What is Make in India?
• The Make in India campaign was launched in 2014. It aims to transform the country into a leading global manufacturing and investment destination.
• It is being led by the Department for Promotion of Industry and Internal Trade (DPIIT), Ministry of Commerce and Industry, Government of India.
• It has four pillars - New Processes, New Infrastructure, New Sectors and New Mindsets.
Objectives of Make in India
• Target of an increase in manufacturing sector growth to 12-14% per annum over the medium term
• To increase the share of manufacturing sector in the country’s Gross Domestic Product from 16% to 25% by 2022
• To create 100 million additional jobs by 2022.
How is different from previous policy?
• It is different from the past policy of self-sufficiency and import-substituting industrialization. It’s geared towards making India a global manufacturing hub, unlike the 1970s approach that led to inefficiencies and market distortions.
• The PLI scheme under MII aims to enhance manufacturing efficiency and global competitiveness in specific sectors, contrasting with the broad-brush protectionism of earlier times.
• Make in India is not seen as a protectionist policy even though it has some protective measures like raising tariffs. For example, a mobile phone made in India typically has 80-85% imported content, indicating the importance of keeping trade somewhat open.
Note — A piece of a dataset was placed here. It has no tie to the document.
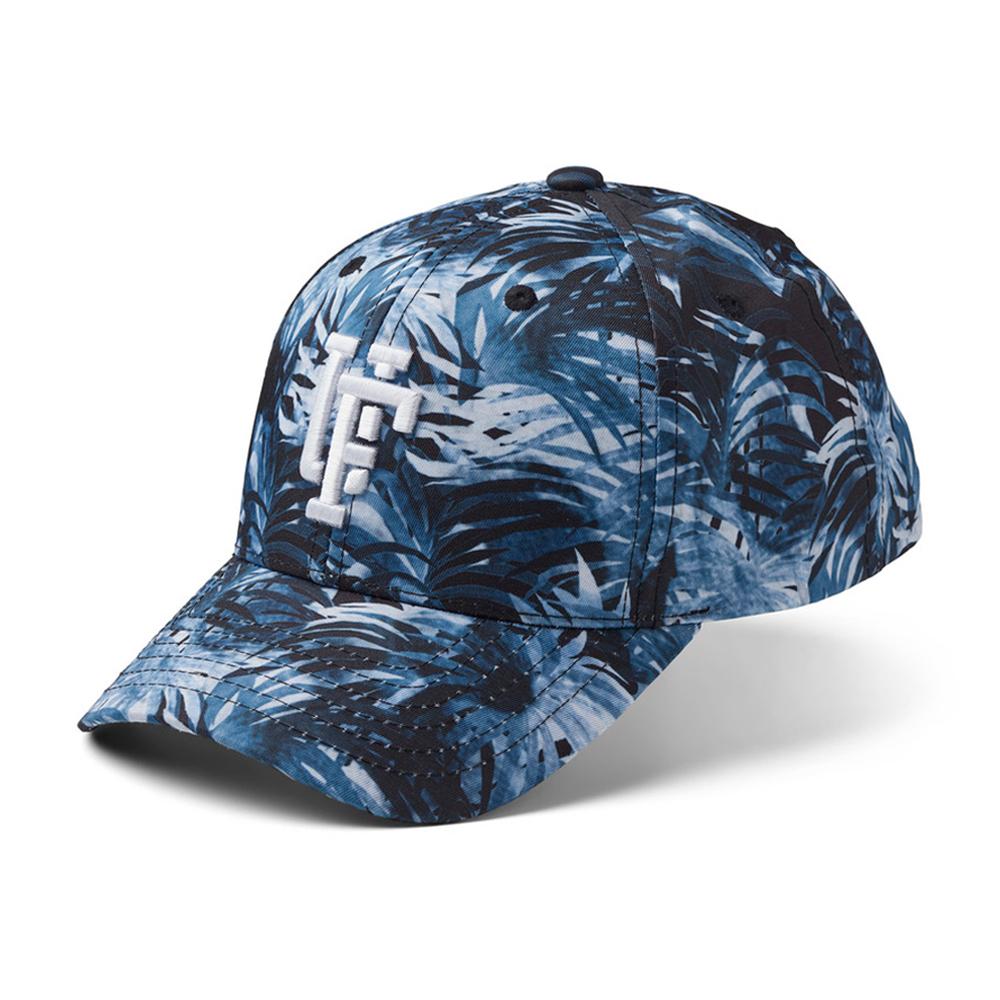 Upfront - Fern Spinback Youth - Snapback - Camo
• Fears have been raised about the manner in which MII is being implemented in some sectors particularly by raising tariff duties to provide protection to encourage the setting up of domestic industry.
• Concerns have been raised that Make in India might unintentionally bring back elements of the License Raj era, characterized by shortages, black markets, and rampant rent-seeking.
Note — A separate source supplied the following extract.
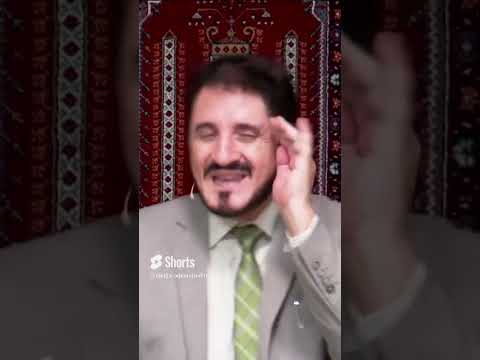 دع الخلق للخالق د عدنان إبراهيم Shorts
• Make in India is no substitute for an Industry policy which has better prospect to address the issue of Jobless growth seen in India.
• Focus on policies that promote Labour-intensive manufacturing.
• A large home market is not a substitute for being competitive in exports. Every country that has “taken off” before us has been export competitive.
• Made in India is a branding strategy to promote manufacturers born out of Indian factors of production — land, labor, capital, entrepreneurship, technology, etc. It can only succeed on the back of an effective MII operation.
• An Industrial policy in a country that has abundant labour resources with mediocre educational attainments is the need of the hour. Job creation for our abundant factor, especially women, is key, and that is only possible with labor-intensive manufacturing.
• Over 99 percent of India’s 63 million MSMEs are in the unorganized sector with very little flexibility for productive job creation. Their hand-to-mouth existence is not a recipe for jobs or scale. China’s example suggests the influence of scale in manufacturing for more and more.